The Boy With No Future

His story is the stuff of legend. Raised by sharecroppers in the American South during the Jim Crow era, Jesse Owens was born without any real prospects in the world. By dint of the color of his skin, he wouldn’t have access to a decent education, would never be able to attend a good college, and would more than likely end up working the land like his parents.

Be sure to watch our upcoming program, “Running the Race,” which features the Jesse Owens story, available February 11.

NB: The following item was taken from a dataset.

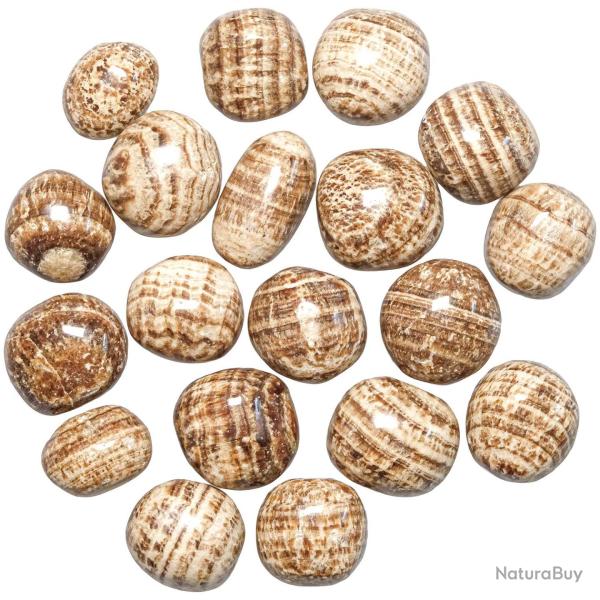 Pierres roul�es aragonite zon�e marron - 2 � 3 cm - Lot de 2
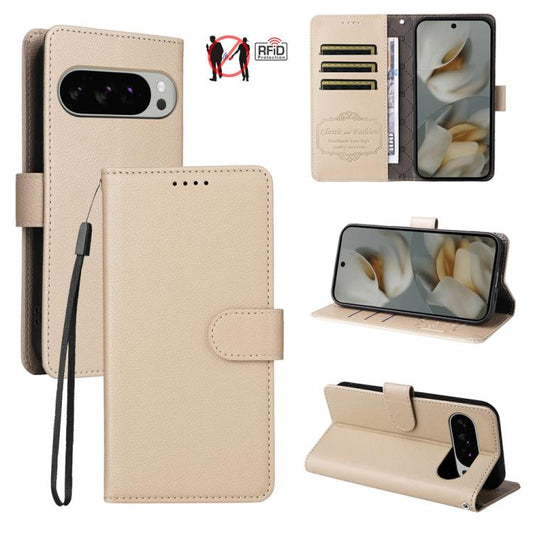 For Google Pixel 9 Pro XL / 10 Pro XL Litchi Texture RFID Blocking 3-Card Wallet Leather Phone Case(Beige) - Google Cases by buy2fix | Online Shopping UK | buy2fix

But wanting a better life for their children, Jesse’s parents, Henry and Mary, joined the hundreds of thousands of African Americans who headed north in the Great Migration. After Jesse’s prodigious athletic talent caught the attention of a teacher at his high school in Cleveland, Ohio, he attended Ohio State University and ran and jumped his way into history by setting four world records in 45 minutes during the Big Ten championship at Ferry Field in 1935. The feat has been referred to as the “greatest 45 minutes in sports history.”¹

Fifteen months later, Owens won four gold medals in front of German dictator Adolf Hitler at the Berlin Olympics. Returning to his home country, Owens was greeted with a hero’s welcome. That is, a black hero’s welcome. Owens wasn’t permitted to use the front entrance of the Waldorf Astoria Hotel in New York City in order to attend a reception held in his honor, being forced instead to use a freight elevator. While much has been made of Hitler’s “snub” of Owens in Berlin, Owens believed he experienced a greater indignity at the hands of his own head of state. “Hitler didn’t snub me,” Jesse Owens said. “It was our president who snubbed me. The president [Franklin Delano Roosevelt] didn’t even send me a telegram.”

Owens went on to eventually earn a comfortable living. He was appointed as a Goodwill Ambassador for the United States government and was awarded the Presidential Medal of Freedom by President Jimmy Carter in 1976. 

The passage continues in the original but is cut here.